++++ Recorded information ++++
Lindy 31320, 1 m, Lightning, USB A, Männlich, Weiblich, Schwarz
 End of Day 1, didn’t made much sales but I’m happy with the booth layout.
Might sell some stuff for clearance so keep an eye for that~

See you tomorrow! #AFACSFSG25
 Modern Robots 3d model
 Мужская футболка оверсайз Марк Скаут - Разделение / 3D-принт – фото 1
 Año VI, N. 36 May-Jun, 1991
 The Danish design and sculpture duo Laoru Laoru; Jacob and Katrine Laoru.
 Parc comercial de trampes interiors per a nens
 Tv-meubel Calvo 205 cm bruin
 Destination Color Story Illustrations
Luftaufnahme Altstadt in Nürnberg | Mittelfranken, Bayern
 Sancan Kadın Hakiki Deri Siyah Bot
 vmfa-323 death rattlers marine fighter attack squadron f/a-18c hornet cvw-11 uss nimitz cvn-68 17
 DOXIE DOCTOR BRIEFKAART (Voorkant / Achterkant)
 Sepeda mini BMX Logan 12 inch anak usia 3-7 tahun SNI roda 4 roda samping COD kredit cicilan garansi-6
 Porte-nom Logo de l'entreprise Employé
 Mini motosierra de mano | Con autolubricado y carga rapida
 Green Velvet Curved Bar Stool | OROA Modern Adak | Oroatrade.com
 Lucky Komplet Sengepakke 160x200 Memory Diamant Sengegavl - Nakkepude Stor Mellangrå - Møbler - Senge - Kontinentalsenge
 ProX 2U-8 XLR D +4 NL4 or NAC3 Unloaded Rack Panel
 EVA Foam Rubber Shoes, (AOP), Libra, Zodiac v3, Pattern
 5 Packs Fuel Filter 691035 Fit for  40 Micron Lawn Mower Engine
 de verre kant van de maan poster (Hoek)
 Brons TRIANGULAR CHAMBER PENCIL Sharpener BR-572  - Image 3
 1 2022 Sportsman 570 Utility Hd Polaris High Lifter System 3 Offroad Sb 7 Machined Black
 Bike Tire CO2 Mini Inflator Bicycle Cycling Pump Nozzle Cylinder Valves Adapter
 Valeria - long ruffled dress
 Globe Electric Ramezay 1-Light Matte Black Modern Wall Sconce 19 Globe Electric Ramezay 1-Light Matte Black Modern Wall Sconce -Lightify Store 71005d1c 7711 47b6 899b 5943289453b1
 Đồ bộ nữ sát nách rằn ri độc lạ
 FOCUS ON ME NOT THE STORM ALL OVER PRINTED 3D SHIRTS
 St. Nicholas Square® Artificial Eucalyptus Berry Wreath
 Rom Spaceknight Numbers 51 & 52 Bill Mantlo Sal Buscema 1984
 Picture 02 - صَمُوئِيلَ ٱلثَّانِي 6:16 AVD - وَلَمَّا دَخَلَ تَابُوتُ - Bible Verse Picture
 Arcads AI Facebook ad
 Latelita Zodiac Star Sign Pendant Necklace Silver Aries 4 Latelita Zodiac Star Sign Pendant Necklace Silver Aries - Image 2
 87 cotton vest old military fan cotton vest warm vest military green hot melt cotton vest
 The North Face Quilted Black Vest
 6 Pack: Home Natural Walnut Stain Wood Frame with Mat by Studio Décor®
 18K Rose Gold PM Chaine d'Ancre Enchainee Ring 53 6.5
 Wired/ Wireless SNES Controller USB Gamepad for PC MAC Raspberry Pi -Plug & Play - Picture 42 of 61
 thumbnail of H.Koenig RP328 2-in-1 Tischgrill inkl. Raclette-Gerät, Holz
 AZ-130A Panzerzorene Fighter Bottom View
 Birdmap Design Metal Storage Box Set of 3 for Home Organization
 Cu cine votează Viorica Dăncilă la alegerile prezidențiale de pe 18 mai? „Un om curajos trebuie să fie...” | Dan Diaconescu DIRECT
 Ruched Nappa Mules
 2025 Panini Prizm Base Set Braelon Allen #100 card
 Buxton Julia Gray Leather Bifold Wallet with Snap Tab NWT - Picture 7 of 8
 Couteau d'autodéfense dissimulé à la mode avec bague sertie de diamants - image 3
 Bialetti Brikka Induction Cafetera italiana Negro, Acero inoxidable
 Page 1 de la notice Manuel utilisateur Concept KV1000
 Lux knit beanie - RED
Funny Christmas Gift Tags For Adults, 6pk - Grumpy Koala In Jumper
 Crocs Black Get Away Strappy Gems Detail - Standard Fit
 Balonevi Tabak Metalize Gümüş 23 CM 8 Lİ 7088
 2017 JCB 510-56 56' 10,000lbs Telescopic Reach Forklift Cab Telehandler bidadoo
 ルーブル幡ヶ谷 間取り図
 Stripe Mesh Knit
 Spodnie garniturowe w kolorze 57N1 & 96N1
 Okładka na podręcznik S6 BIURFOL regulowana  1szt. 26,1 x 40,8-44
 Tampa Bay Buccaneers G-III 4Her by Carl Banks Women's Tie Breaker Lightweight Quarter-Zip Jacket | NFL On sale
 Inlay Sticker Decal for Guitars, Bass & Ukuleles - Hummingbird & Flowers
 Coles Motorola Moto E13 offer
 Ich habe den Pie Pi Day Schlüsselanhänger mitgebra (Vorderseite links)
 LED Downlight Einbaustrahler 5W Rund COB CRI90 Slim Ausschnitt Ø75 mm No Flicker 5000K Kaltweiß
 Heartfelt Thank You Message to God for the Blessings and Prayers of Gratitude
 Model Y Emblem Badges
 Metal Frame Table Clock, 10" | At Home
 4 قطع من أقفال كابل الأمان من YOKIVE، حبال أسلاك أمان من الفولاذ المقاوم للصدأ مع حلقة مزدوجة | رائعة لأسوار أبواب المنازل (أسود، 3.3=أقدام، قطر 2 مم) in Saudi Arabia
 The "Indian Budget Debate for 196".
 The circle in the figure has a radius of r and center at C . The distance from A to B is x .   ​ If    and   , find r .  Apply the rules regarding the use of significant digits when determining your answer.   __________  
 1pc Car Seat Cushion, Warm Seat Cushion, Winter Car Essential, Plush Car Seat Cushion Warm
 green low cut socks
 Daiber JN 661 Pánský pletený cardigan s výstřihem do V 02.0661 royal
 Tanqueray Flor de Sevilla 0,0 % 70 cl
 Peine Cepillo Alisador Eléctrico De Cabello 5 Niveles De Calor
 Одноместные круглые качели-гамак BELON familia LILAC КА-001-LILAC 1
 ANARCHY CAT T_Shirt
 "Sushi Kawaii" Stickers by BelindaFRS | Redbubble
++++
▶ [Assignment]: The lines to reproduce run from the one that contains "Daiber JN 661" through the last line above; copy them exactly.

▶ [Reply to the exercise]:
 Daiber JN 661 Pánský pletený cardigan s výstřihem do V 02.0661 royal
 Tanqueray Flor de Sevilla 0,0 % 70 cl
 Peine Cepillo Alisador Eléctrico De Cabello 5 Niveles De Calor
 Одноместные круглые качели-гамак BELON familia LILAC КА-001-LILAC 1
 ANARCHY CAT T_Shirt
 "Sushi Kawaii" Stickers by BelindaFRS | Redbubble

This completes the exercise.